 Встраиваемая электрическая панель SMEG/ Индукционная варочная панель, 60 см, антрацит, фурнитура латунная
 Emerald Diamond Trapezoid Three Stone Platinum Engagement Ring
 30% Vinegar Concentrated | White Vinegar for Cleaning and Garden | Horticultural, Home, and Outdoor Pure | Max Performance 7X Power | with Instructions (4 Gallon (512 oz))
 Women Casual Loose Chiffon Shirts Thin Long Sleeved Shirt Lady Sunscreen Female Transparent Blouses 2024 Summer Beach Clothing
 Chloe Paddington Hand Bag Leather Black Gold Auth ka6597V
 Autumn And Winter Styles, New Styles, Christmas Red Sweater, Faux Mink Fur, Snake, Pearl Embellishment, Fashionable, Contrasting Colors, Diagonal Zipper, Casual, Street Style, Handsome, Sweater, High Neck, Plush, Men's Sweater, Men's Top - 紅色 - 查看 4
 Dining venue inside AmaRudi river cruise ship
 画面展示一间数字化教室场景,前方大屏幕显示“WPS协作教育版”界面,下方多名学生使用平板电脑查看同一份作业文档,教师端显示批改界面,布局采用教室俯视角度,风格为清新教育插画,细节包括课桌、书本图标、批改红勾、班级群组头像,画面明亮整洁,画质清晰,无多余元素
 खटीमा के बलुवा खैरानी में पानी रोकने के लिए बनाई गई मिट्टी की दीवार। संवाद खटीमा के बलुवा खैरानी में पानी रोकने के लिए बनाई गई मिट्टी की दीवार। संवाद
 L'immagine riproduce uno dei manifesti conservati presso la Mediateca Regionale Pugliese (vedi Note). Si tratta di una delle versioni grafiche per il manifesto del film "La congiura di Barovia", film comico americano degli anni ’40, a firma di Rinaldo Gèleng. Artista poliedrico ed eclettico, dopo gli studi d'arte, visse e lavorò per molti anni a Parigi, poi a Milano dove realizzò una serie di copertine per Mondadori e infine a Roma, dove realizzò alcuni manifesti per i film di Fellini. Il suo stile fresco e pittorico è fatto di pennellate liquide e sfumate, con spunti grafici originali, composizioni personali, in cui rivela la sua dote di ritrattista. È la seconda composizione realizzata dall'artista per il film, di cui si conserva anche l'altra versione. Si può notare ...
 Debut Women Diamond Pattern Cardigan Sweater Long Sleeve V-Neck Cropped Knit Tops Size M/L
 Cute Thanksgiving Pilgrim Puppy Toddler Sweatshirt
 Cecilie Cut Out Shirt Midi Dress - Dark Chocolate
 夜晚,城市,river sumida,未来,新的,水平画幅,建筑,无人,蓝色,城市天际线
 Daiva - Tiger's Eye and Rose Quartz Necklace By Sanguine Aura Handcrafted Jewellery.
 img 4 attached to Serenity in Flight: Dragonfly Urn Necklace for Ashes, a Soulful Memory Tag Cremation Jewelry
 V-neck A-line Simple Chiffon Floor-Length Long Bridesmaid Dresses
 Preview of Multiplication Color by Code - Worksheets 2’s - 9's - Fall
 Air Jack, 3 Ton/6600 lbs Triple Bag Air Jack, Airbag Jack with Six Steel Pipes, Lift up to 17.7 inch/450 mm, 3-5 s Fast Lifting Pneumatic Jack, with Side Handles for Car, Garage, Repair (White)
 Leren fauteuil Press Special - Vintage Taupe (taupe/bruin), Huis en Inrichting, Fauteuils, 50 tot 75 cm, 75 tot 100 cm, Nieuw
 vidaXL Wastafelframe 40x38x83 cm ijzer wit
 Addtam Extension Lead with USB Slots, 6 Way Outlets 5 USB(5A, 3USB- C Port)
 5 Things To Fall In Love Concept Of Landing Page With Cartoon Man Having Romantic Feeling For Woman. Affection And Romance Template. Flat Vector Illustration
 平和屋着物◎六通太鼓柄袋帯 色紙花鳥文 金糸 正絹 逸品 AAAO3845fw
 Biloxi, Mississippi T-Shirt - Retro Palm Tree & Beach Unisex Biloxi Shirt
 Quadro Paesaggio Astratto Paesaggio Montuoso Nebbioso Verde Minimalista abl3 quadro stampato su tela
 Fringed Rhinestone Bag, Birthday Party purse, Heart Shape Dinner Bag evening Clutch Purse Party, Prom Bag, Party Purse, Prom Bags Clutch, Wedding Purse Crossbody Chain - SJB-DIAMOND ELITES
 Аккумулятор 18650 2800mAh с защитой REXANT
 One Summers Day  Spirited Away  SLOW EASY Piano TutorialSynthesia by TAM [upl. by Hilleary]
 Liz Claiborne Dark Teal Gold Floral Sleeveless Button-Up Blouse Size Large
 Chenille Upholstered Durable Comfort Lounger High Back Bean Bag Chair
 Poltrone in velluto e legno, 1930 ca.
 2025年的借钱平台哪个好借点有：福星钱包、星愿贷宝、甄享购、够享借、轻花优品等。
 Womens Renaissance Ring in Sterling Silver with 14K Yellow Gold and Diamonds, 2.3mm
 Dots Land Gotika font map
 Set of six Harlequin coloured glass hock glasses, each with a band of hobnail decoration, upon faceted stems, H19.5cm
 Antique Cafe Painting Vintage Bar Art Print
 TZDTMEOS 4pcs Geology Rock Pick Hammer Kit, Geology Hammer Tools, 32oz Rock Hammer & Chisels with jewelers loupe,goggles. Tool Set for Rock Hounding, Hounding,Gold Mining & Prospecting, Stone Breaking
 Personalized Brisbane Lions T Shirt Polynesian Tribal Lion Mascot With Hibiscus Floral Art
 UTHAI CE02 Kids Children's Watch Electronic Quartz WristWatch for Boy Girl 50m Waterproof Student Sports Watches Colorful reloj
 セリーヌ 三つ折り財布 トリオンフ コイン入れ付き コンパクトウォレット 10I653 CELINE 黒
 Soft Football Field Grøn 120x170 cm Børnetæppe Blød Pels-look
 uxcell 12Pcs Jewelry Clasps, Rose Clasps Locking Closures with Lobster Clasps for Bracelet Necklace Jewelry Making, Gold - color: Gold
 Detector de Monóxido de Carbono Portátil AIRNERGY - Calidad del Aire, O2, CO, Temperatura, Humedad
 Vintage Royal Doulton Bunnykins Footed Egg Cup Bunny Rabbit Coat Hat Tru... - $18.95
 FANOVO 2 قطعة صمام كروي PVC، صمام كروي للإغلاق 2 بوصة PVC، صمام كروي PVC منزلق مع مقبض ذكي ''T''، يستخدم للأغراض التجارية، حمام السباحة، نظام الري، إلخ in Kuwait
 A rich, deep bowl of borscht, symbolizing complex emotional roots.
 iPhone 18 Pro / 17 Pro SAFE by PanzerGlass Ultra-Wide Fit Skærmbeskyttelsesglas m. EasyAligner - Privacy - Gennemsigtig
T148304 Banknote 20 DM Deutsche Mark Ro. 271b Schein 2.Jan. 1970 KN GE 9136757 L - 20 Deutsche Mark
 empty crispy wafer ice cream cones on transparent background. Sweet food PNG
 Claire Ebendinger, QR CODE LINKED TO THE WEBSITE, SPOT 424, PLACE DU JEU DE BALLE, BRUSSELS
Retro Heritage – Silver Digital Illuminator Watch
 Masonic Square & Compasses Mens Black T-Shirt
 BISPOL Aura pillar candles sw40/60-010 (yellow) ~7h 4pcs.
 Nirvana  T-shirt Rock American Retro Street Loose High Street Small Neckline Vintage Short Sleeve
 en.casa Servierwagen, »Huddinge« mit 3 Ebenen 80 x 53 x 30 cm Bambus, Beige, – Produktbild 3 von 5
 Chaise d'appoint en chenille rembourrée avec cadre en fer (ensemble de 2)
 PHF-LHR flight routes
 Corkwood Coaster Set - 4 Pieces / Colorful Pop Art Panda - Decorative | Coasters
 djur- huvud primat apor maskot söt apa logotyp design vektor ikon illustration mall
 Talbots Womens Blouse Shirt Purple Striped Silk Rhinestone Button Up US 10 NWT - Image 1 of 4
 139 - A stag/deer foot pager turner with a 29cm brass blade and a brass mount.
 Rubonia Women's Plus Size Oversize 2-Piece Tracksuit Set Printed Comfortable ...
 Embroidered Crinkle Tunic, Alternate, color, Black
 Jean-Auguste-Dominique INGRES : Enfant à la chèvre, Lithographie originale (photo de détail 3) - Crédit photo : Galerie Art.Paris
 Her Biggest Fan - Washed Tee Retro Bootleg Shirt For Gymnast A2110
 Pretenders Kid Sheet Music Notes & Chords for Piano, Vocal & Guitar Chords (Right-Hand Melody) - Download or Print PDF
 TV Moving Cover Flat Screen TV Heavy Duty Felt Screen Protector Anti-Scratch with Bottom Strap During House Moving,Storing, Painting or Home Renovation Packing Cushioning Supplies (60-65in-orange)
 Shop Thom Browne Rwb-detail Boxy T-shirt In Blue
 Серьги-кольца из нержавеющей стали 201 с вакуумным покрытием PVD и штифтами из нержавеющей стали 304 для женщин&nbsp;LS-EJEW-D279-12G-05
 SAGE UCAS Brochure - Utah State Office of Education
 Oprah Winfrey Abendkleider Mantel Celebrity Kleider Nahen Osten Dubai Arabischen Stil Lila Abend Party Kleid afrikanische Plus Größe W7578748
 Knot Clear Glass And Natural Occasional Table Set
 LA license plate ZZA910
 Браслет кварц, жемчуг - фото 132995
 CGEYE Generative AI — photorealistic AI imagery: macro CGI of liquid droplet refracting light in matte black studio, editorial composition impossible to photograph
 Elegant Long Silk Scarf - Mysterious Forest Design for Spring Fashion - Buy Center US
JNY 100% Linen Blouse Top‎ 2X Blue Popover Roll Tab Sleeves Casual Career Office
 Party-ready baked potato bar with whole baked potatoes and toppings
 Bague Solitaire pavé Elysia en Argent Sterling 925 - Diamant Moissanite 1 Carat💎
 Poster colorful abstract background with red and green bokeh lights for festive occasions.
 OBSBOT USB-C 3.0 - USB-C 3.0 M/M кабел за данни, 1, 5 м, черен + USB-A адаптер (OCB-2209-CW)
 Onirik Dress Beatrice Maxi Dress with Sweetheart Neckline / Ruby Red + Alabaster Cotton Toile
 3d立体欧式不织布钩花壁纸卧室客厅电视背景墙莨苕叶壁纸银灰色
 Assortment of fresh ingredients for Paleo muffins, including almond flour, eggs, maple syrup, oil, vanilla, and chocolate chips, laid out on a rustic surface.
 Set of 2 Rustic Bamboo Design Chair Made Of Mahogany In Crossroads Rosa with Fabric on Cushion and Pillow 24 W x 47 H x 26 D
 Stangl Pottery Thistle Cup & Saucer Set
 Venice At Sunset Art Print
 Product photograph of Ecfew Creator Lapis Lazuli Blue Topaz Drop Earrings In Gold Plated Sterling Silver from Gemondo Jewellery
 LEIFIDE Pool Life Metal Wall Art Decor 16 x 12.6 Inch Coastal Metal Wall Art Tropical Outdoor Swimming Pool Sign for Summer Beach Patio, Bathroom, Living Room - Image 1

====================

- WORK INSTRUCTION -
In the listing above, find the line containing "PHF-LHR flight routes" and the line containing "Talbots Womens Blouse", then repeat those two lines and everything between them exactly.

- WRITTEN RESPONSE -
 PHF-LHR flight routes
 Corkwood Coaster Set - 4 Pieces / Colorful Pop Art Panda - Decorative | Coasters
 djur- huvud primat apor maskot söt apa logotyp design vektor ikon illustration mall
 Talbots Womens Blouse Shirt Purple Striped Silk Rhinestone Button Up US 10 NWT - Image 1 of 4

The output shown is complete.